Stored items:
——
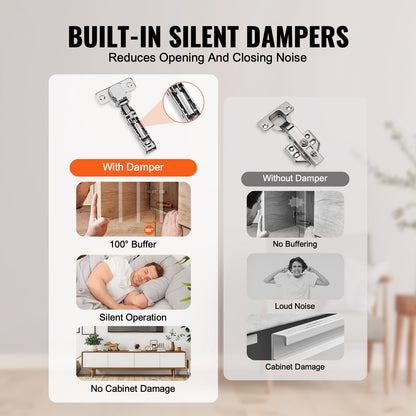 Schranktürscharniere, 40er-Pack, vollflächig, sanftes Schließen, für gerahmte/rahmenlose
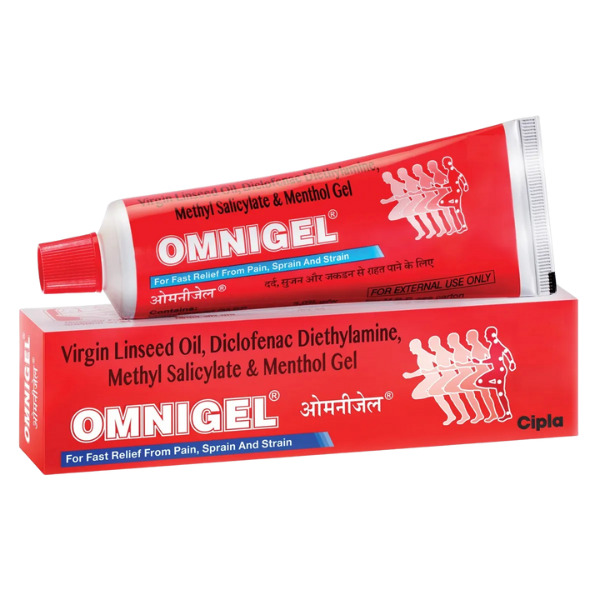 Omnigel Pain Relief (Linseed Oil BP, Diclofenac Diethylamine BP Equivalent to Diclofenac Sodium, Methyl Salicylate IP, Menthol IP, Benzyl Alcohol IP, (As Preservative) in water-washable base)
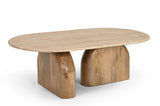 VIG Furniture Modrest Kellison - Modern Travertine Marble + Wood Oval Coffee Table VGBR-SBA-4807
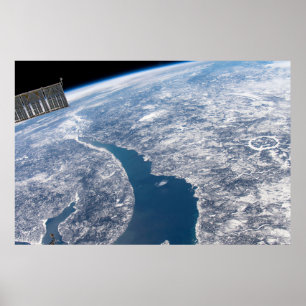 Manicouagan Crater And The St. Lawrence River Poster
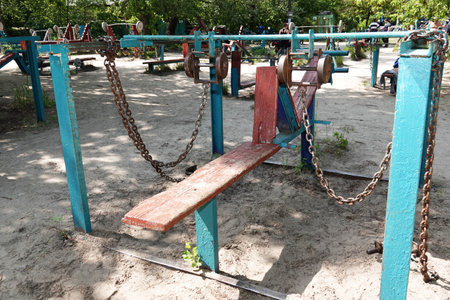 Kiev, Ukraine May 15, 2020: home-made simulators on which Kiev residents go in for sports in the hydroparkのeditorial素材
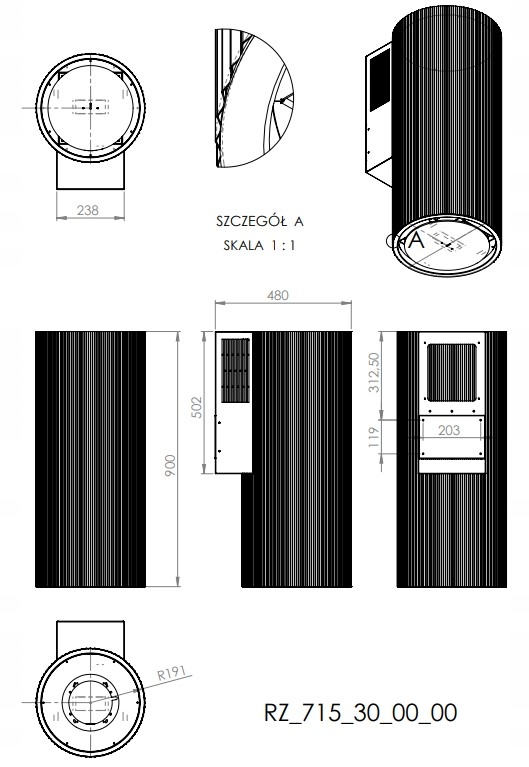 OKAP PRZYŚCIENNY CIARKO MONOGRAM ZŁOTY Wysokość maksymalna 90 cm
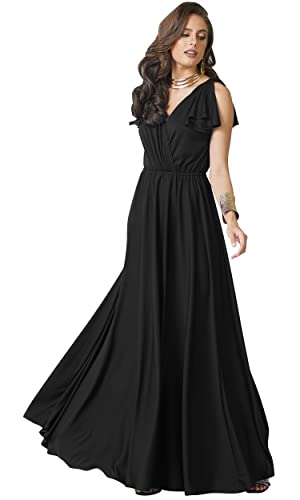 KOH KOH Plus Size Womens Long Sleeveless Flowy Prom Evening Wedding Party Guest Bridesmaid Bridal Formal Cocktail Summer Floor-Length Gown Gowns Maxi Dress Dresses, Black XL 14-16 - Image 5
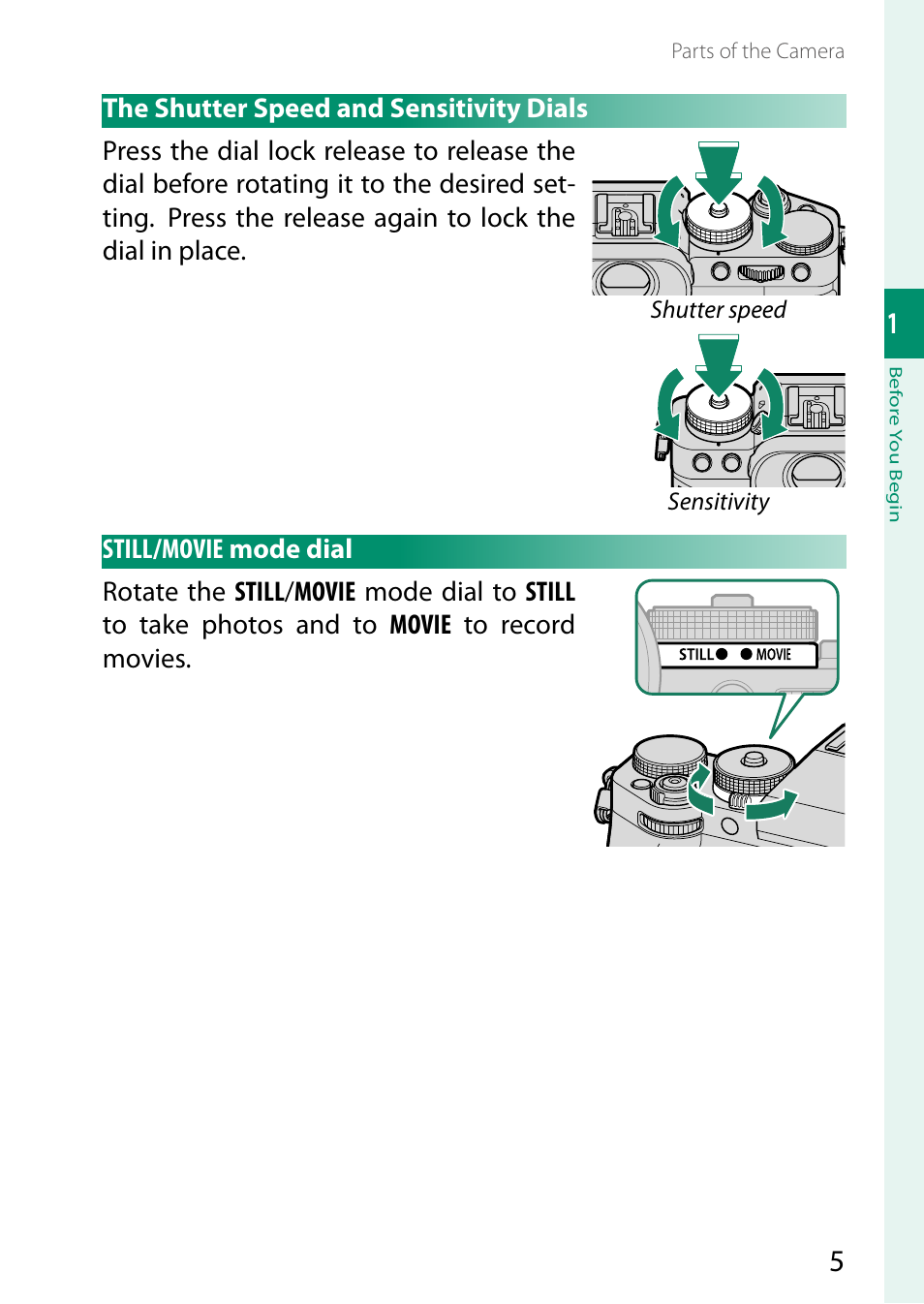 The shutter speed and sensitivity dials, Still/movie mode dial, Still | Movie, Mode dial | FujiFilm X-T5 Mirrorless Camera (Silver) User Manual | Page 31 / 432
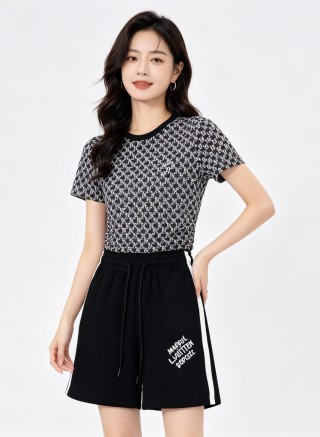 Black Logo Shorts with White Side Stripe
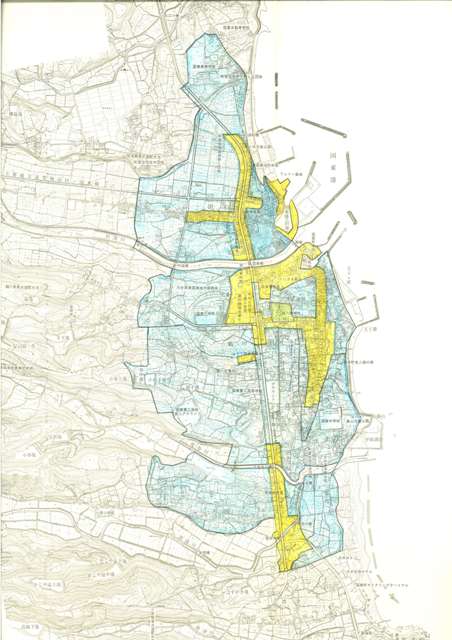 旧国東町の騒音規制地域図です。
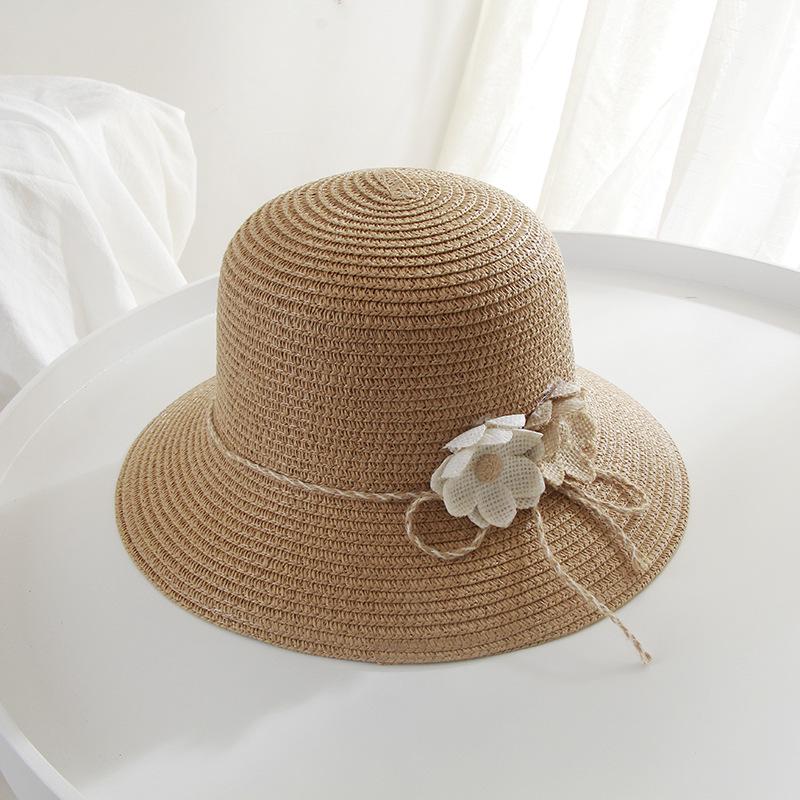 

Style Versatile Hat Straw Woven Sweet Flowers Womens Sunshade Hatscaps хакі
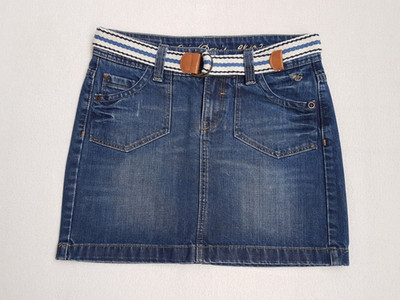 ESPRIT Denim Jeans Mini Rock + Gürtel DE 34 XS blau blue NEU NEW TOP Taschen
——
Output exactly and only the lines from the line containing "旧国東町の騒音規制地域図です。" to the end of the entries, both included, and omit every picture.

YOUR RESPONSE.
 旧国東町の騒音規制地域図です。

Style Versatile Hat Straw Woven Sweet Flowers Womens Sunshade Hatscaps хакі
 ESPRIT Denim Jeans Mini Rock + Gürtel DE 34 XS blau blue NEU NEW TOP Taschen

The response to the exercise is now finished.